BARD1 Life Sciences, a biotechnology company developing non-invasive cancer diagnostics, is pleased to announce that it has received binding commitments for a share placement to raise $1,300,000 (before expenses) by the issue of 86,666,666 shares to sophisticated and professional investors at an issue price of $0.015 cents per share. The placement was made to high net worth and institutional clients of Taurus Capital Group.
Australis Oil & Gas is pleased to advise it has received commitments from institutional and sophisticated investors for the placement of 115,280,000 new ordinary fully paid shares to raise $39,195,200, before issue costs. The issue price of $0.34 per new Australis share represents a 5.6% discount to the last close price on 16 March 2018.
Cygnus Gold is pleased to announce it has entered into a new joint venture agreement with a wholly owned subsidiary of Gold Road Resources over the Yandina Project.

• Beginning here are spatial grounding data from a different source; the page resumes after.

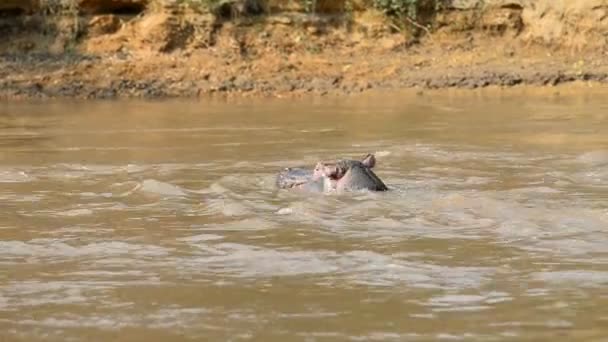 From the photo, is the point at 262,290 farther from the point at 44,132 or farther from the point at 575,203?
the point at 44,132

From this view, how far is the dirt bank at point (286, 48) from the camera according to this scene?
60.7 ft

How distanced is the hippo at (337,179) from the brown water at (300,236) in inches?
6.1

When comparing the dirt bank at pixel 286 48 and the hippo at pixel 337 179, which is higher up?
the hippo at pixel 337 179

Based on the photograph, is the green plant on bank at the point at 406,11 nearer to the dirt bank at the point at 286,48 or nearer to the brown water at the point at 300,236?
the dirt bank at the point at 286,48

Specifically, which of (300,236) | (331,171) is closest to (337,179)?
(331,171)

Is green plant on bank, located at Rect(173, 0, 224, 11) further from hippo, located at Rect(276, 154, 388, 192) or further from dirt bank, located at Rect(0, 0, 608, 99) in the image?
hippo, located at Rect(276, 154, 388, 192)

The Yandina Joint Venture comprises four tenement applications covering an area of approximately 1,727km2 over the highly prospective Yandina Shear which is known to host gold mineralisation elsewhere in the Southwest Terrane
The initial interests in the joint venture are
o Gold Road 75%
o Cygnus Gold 25%
• Should a party's equity in the joint venture fall to 10% or less, its share will be automatically acquired by the other party in exchange for a 1% NSR
• Cygnus will initially manage the joint venture.

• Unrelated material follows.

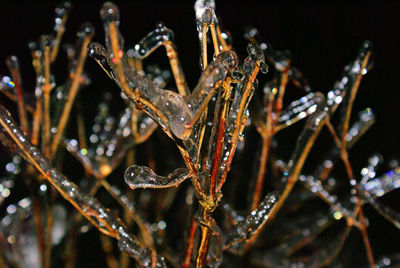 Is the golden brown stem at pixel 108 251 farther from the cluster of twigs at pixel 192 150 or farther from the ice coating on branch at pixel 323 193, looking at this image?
the ice coating on branch at pixel 323 193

Kogi Iron advises that its Share Purchase Plan has now closed and is pleased to announce a strong take up in the SPP.
A total of $938,868 was raised from 112 shareholders that participated applying for 9,388,680 shares at an issue price of 10c per share. As announced the funds raised will be used to fund testwork activities, executive recruitment and on-going salary costs, in country costs and to provide working capital.
DroneShield is pleased to announce it has received commitments from institutional, professional and sophisticated investors to raise $2.55 million via a placement of 12.17 million ordinary fully paid shares at an issue price of $0.21 per share. The new shares will be issued utilising the Company’s existing placement capacity pursuant to ASX Listing Rule 7.1 and Listing Rule 7.1A. The issue price under the Placement represents a 21% discount to the Company’s last traded price and a 22% discount to the Company’s 15 day volume weighted average market price prior to the date of this announcement.

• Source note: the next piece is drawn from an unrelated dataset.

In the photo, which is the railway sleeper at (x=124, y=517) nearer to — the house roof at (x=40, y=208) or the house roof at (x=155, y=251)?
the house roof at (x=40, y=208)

A-Cap Resources has entered into a binding term sheet with ARC Marlborough Pty Ltd (ACN 127 139 780) which provides for the entry into a twelve month option agreement, under which A-Cap will have a right to acquire a nickel – cobalt project the subject of Mining Lease 80098 in Queensland, Australia. The Option may be exercised by A-Cap within 12 months of the date of entry into the Option Agreement. Upon exercise of the Option, the parties will enter into the Purchase Agreement and A-Cap will make the following cash payments and share issues to ARC: i. on the date of entry into the Purchase Agreement, A-Cap will pay ARC an immediate cash payment of AUD1 million and A-Cap will issue shares in A-Cap to the value of AUD3 million; ii. twelve months after the date of entry into the Purchase Agreement, A-Cap will pay ARC a cash payment of AUD1 million and will issue shares in A-Cap to the value of $3 million; iii. In 24 months after the date of entry into the Purchase Agreement, A-Cap will pay ARC a final cash payment of $2 million.